Sementara itu, Ketua KAPj IAI, Prof. John Hutagaol, yang menutup acara menyampaikan kepada peserta dengan eksplorasi menyeluruh tentang Pillar Two dan OECD/G20 Inclusive Framework on BEPS. Diskusi meluas ke tingkat pajak efektif minimum global (ETR) dan detail pelaksanaannya yang rumit, dengan fokus signifikan pada peraturan laba yang kurang dikenai pajak (Undertaxed Profits Rule, UTPR) yang akan berlaku pada tahun 2025.
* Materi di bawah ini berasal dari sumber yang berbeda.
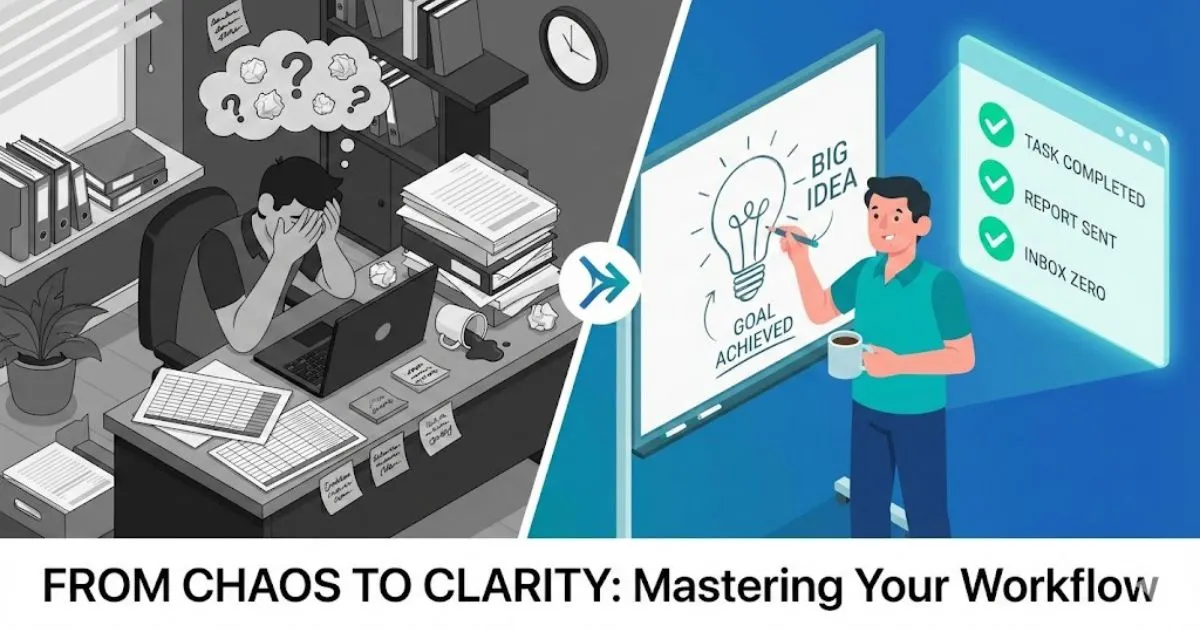Comparison of a stressed business owner doing manual tasks versus a relaxed owner using business automation.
Sebagai penutup, lanskap pajak internasional berubah dengan cepat, didorong oleh Pilar Dua, transformasi digital, dan adanya konsep transfer pricing yang terus dimutakhirkan. Apalagi saat ini Direktorat Jenderal Pajak saat ini sedang dalam proses meluncurkan PSIAP yang merupakan Reformasi Inti Sistem Administrasi Perpajakan. Sistem ini merupakan bagian dari Reformasi Perpajakan di bidang Informasi dan Teknologi.
Apakah kamu tertarik untuk mempelajari lebih lanjut mengenai perpajakan? Yuk kunjungi infromasi Brevet di website dan laman website IAI Jatim aja!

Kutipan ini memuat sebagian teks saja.